Dataset excerpts section start

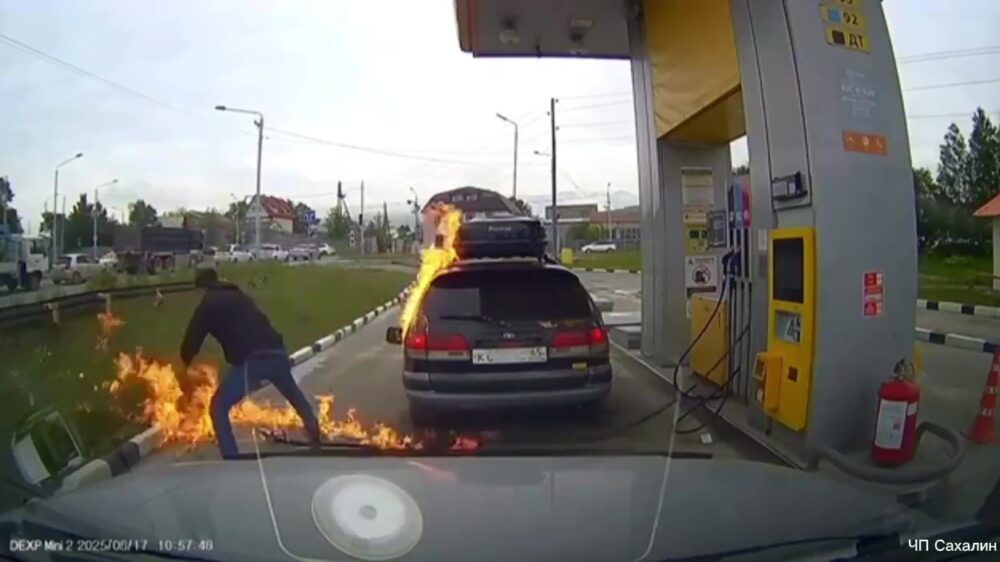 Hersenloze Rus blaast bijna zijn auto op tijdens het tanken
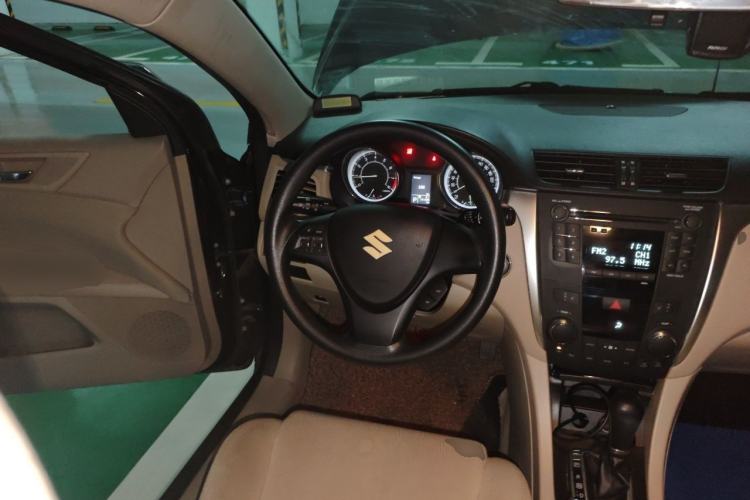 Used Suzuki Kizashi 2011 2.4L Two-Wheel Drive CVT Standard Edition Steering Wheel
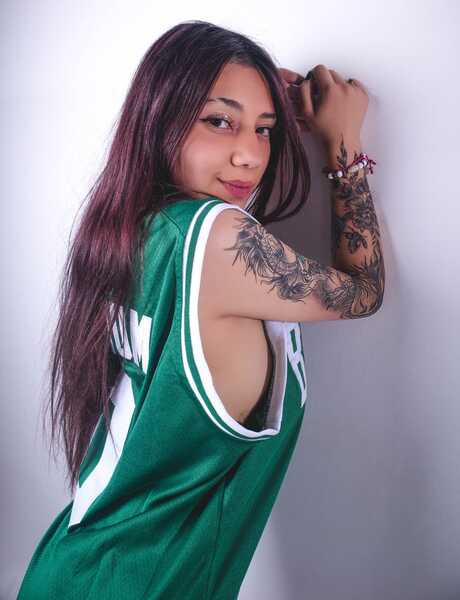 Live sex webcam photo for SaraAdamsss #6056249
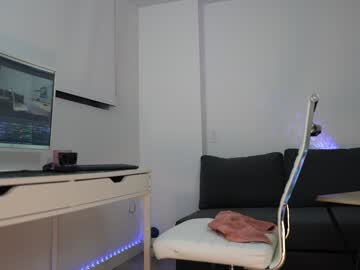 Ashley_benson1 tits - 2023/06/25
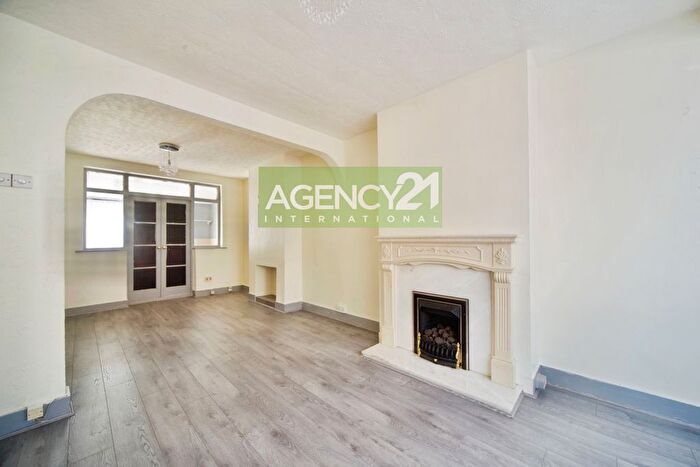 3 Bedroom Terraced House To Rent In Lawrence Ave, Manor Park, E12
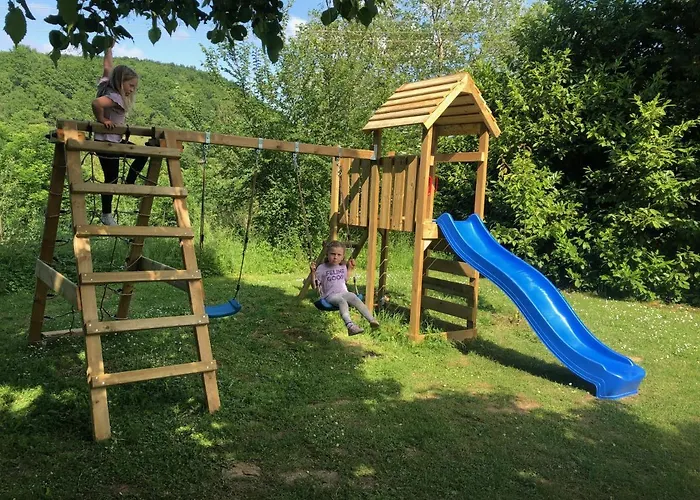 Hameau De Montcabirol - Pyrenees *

Dataset excerpts section end

Reproduce every record exactly; images stay out.

 Hersenloze Rus blaast bijna zijn auto op tijdens het tanken
 Used Suzuki Kizashi 2011 2.4L Two-Wheel Drive CVT Standard Edition Steering Wheel
 Live sex webcam photo for SaraAdamsss #6056249
 Ashley_benson1 tits - 2023/06/25
 3 Bedroom Terraced House To Rent In Lawrence Ave, Manor Park, E12
 Hameau De Montcabirol - Pyrenees *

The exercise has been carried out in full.